Search code examples
rlogistic-regressionsurvey

Reporting average marginal effects of a survey-weighted logit model with R


I'm working with survey data of a complex sample to estimate binary outcome models. I am trying to report average marginal effects of a logit model, which I estimated through svyglm of the survey package in R. However, I get the following error when I use margins from the package of the same name:

margins(fit, design = lapop) %>% summary()

Error in h(simpleError(msg, call)) : error in evaluating the argument 'object' in selecting a method for function 'summary': arguments imply differing number of rows: 6068, 6054

Seems it is not the summary function, since the error pops up when executing the margins command with its arguments. I have tried to simply ignore the survey weights at all and shows me equal coefficients and AMEs but not standard errors. Obviously, I cannot present this work by ignoring the survey weights. So I guess what I really need is the standard errors.

I have been reading on the topic and have found no clear solution, I suspect it might have something to do with missing values of the X in the model, but as with any other linear model, R should be just working with complete cases.

I'm not sure if anybody knows anything about this, or if I should simply just report AMEs without standard errors (and thus without p-values).
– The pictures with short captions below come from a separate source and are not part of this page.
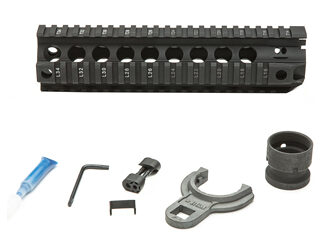 BCM GUNFTR QUAD RAIL 556 9" BLK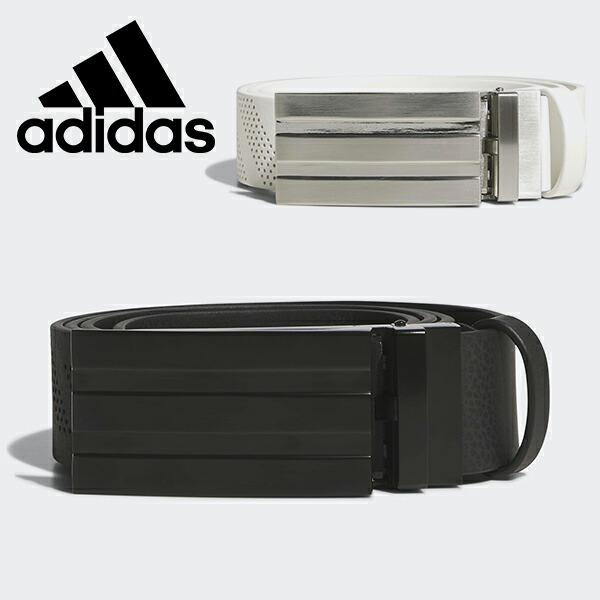 送料無料 アディダス ゴルフ ベルト adidas GOLF メンズ スリーストライプスバックル パンチングベルト 無段階調節 ゴルフウェア コンペ 景品 プレゼント 2026春夏新作 C1174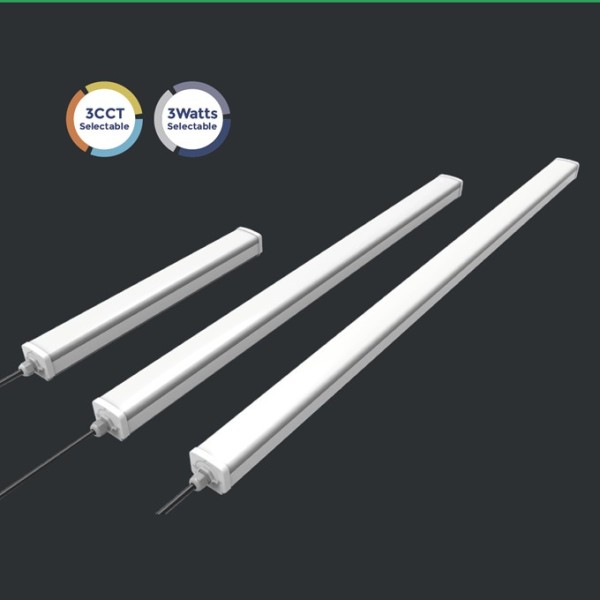 Linkable LED Tri-proof Light Vapor Tight Fixture 2FT/600mm 20W -4FT/1200 40W -5FT/1500mm 60W -120lm/w -CE, Rohs,CB,SAA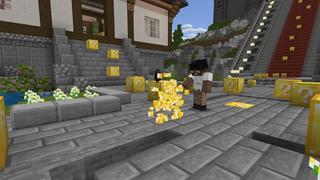 Screenshot of the Minecraft Bedrock Marketplace product Lucky Blocks created by Box Build.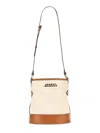 Isabel Marant Samara Logo Embroidered Shoulder Bag In White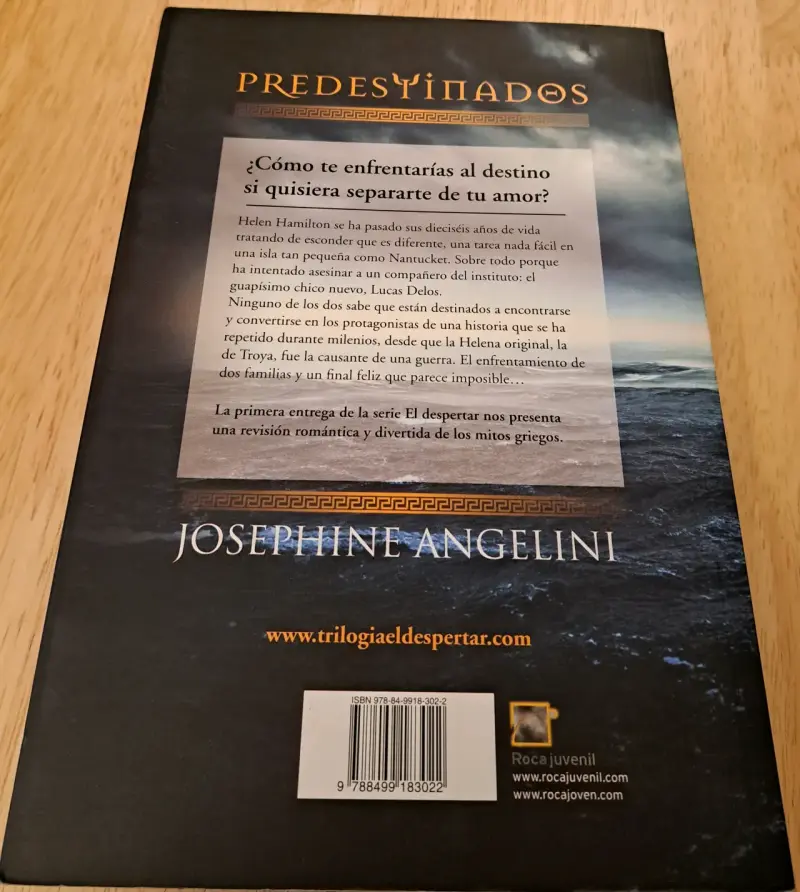Libro 'Predestinados' de Josephine Angelini - 2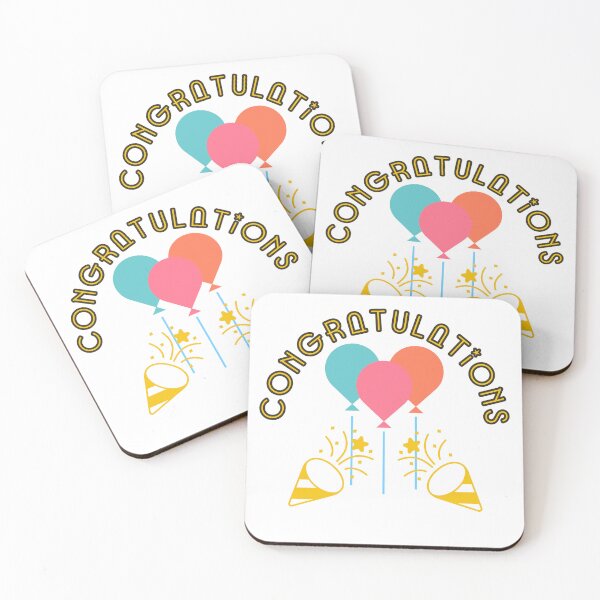 Item preview, Congratulations with Balloons and Party Streamers designed and sold by DownloadArt.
I have uploaded a MWE if anyone is interested, which can be found here.


Solution

  • I found out what was happening with this: turns out it's some kind of mistake in the package's code. You can take a look at the specifics here. The solution as of today is to install Tomasz Żółtak's forks of the prediction and margins packages until his pull requests on Github are merged.

    devtools::install_github("tzoltak/prediction")
    devtools::install_github("tzoltak/margins")
    

    This must be done after installing the devtools package if you haven't already.
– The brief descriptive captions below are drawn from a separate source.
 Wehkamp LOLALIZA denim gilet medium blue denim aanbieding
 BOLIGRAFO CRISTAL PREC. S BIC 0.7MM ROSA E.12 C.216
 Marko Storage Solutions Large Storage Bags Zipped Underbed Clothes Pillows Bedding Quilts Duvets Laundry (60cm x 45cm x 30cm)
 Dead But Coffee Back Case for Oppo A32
    install.packages('devtools')
    

    After doing this, running margins() on a model should no longer produce errors if the model's dataframe has missing values on some or all of the model's covariates. Thus, it will present average partial effects with their corresponding survey-weighted standard errors. Check out a MWE here.

    Hopefully in the future calling margins directly from CRAN will be enough to not produce this error with survey-weighted models.